Economist Elizabeth U. Cascio therefore proposes eliminating the child-care tax credit and the Dependent Care Flexible Spending Account, replacing them with a single refundable federal child-care tax credit. This tax credit is more generous to those for whom child-care costs are especially prohibitive: both lower-income families and families with children under the age of five (see the figure below for the distribution of benefits under the current and proposed policies). Cascio’s approach would lessen the financial burden of child care, encourage labor force participation, and support child development.

 

Distribution of benefits under current and proposed tax policy by annual family income

Expand the Earned Income Tax Credit

The last several decades have been dismal for low- and middle-income American workers. The reasons for this wage stagnation are not primarily about taxes, but improved tax policy can be part of the solution. One of the most important policies for supporting working families is the Earned Income Tax Credit. In addition to supporting low-income families, the EITC raises labor force participation. Economists Hilary Hoynes, Jesse Rothstein, and Krista Ruffini describe the evidence of EITC impacts, proposing an across-the-board expansion in the program to more fully exploit its benefits.
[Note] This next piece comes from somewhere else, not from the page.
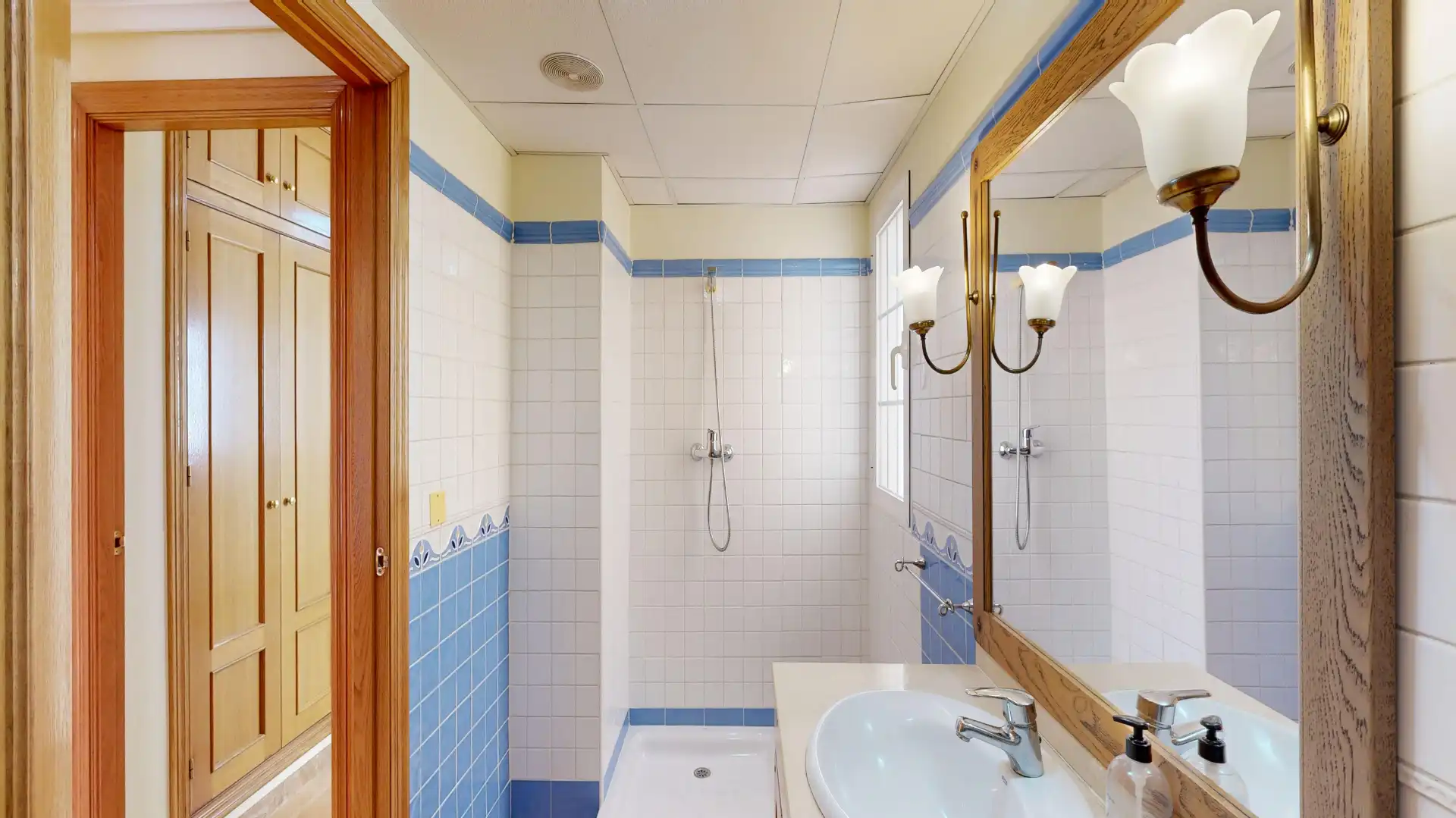 Baño de Piso en venta en Molina de Segura con Aire acondicionado, Terraza y Trastero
This expansion is particularly called for given that the maximum EITC has been frozen in inflation-adjusted terms for most families since 1996.
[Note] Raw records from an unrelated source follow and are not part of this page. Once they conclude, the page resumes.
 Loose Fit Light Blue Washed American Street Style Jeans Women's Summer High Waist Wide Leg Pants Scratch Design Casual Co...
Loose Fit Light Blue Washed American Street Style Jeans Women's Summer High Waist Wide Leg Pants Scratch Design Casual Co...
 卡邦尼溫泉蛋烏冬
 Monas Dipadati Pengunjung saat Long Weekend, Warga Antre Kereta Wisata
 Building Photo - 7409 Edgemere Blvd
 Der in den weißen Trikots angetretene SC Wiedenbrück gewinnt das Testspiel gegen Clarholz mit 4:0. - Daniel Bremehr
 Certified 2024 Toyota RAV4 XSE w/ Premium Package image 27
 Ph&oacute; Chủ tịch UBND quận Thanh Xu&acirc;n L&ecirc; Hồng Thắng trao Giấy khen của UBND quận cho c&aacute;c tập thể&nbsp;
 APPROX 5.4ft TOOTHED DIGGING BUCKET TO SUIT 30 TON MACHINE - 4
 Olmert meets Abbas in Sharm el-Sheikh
Enlarging this anti-poverty program would help to increase after-tax income for many low- and middle-income families. About 20 percent of all tax filers, and more than 40 percent of families with children, currently receive the EITC and would see enhanced after-tax wages under the proposal. A 10 percent EITC increase would provide a single parent of two, working full time, year-round at the minimum wage, with an additional $560 under the proposal (see the current and proposed EITC schedules below).

 

Current and proposed EITC

 

EITC benefits can also improve health and education outcomes for millions of children. A growing body of evidence shows that EITC benefits are linked to better maternal health as well as higher test scores for participants’ children, with greater education attainment translating to higher earnings in adulthood.

Fixing the U.S. tax code—and making labor markets work for all Americans—will take more than these three ideas. But policymakers should start by implementing reforms for which we have strong evidence and a clear path forward.